The Maple Ridge-Pitt Meadows school district is putting its schools under a microscope to find ways to best utilize available classroom space.
That could mean daycares renting space in unused elementary school classrooms could be forced to move for the 2012/13 school year.
Superintendent Jan Unwin said the facility review is meant to give the district a better idea of what resources it has available, and how to better manage them.
“We know that we have space, we just need to know where that space is, and how best to use it,” Unwin said.
“We’re trying to stay in front of any issues that we may have. We want to be proactive, not reactive.”
Unwin said while there is no significant space issues at the secondary school level, elementary enrollment numbers are stabilizing and could be back on the upswing in years to come.
Any non-school use of classroom space is being assessed to make sure it is not taking space away from students.
“There could be a daycare or two that may have to move … if we find the kids need that classroom,” she said.
One thing Unwin said is not on the agenda are further school closures.
Thanks to the province’s StrongStart early childhood education program and the introduction of all-day kindergarten, the district’s elementary schools are no longer in the same kind of enrollment crisis as Mt. Crescent and Riverside elementary were.
While all non-school uses of classrooms are being looked at as part of the review, Unwin said there is currently no plan to move the HIVE Neighbourhood Centre from Eric Langton Elementary, despite concerns to the contrary.
The HIVE is located in two classrooms at the school, and delivers a wide variety of community programs such as an after-school kids club, a healthy babies program, pre-school, and much more.
However, increases in enrollment at the school resulted in a class having to be housed in a portable for this school year, while the HIVE remained in the school.

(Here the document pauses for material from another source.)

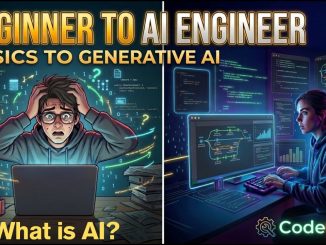 What is AI? 🤖 | Artificial Intelligence Explained for Beginners | AI Fundamentals (6)
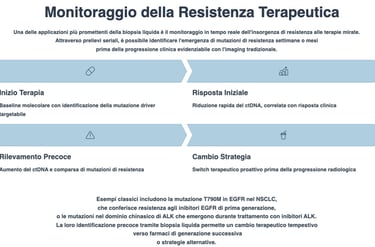 MOnitoraggio della Resistenza Terapeutica in tempo reale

Unwin said the classrooms the HIVE is housed in were too small to accommodate the class, and the class’s teacher preferred to be housed in the much larger portable.
Part of the reason for the increase in students at Eric Langton has been a spike in French immersion students across the district. Unwin said typically 12 per cent of incoming kindergarten students choose French immersion, while this year that number was 17 per cent.
“We think that may be an anomaly, but we have to keep an eye on it to make sure,” she said.
She added the district has no current plans to expand its elementary French immersion program to other schools.
The district is also currently reviewing its catchment boundaries to find ways to best distribute students at elementary schools. While many schools in the western part of the district have empty classrooms, schools in east Maple Ridge are over capacity.
Because the district allows students to attend the school of their choice, redistributing students isn’t so easy.
“Overall, 40 to 50 per cent of students attend out of catchment schools,” Unwin said. “[Having open school boundaries] does bring a lot of issues, but its very important to parents and it helps us engage students in learning.”
Unwin added that catchment boundary changes would only apply to incoming students.
“If you’re already at a school, you’re in, you’ll stay,” she said.
The findings of the district’s facility review will be brought before the Board of Education at their Nov. 30 meeting.